Task goal:
When the line containing "DANKE SCHON（ダンケシェーン）の「DankeSchon ダンケシェーン" appears in the data below, begin copying there and stop only after the line containing "Apartment Concordia - Beautiful".

The input:

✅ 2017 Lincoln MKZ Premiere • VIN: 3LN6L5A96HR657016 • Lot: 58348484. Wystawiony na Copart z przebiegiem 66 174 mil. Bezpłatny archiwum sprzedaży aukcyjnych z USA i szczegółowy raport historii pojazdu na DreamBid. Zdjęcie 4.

...

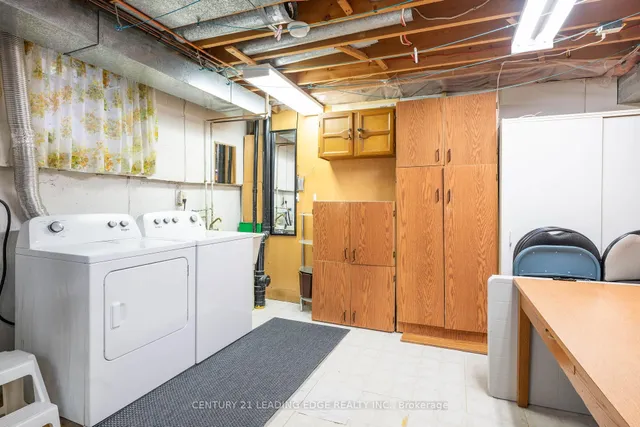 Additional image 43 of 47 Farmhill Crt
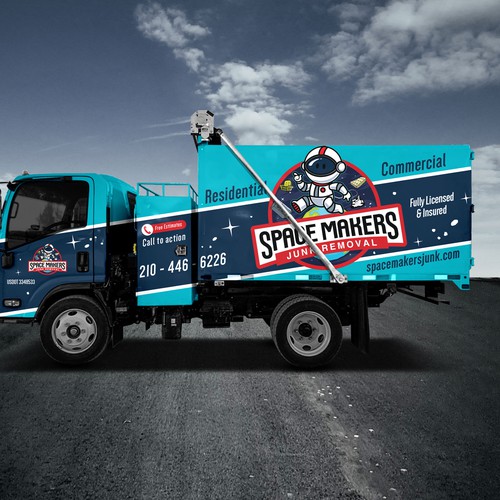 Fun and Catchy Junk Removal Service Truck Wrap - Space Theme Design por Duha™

---

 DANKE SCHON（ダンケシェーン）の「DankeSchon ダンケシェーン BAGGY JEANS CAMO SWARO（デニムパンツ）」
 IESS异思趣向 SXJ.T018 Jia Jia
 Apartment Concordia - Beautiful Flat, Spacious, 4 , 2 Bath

Answer space:
 DANKE SCHON（ダンケシェーン）の「DankeSchon ダンケシェーン BAGGY JEANS CAMO SWARO（デニムパンツ）」
 IESS异思趣向 SXJ.T018 Jia Jia
 Apartment Concordia - Beautiful Flat, Spacious, 4 , 2 Bath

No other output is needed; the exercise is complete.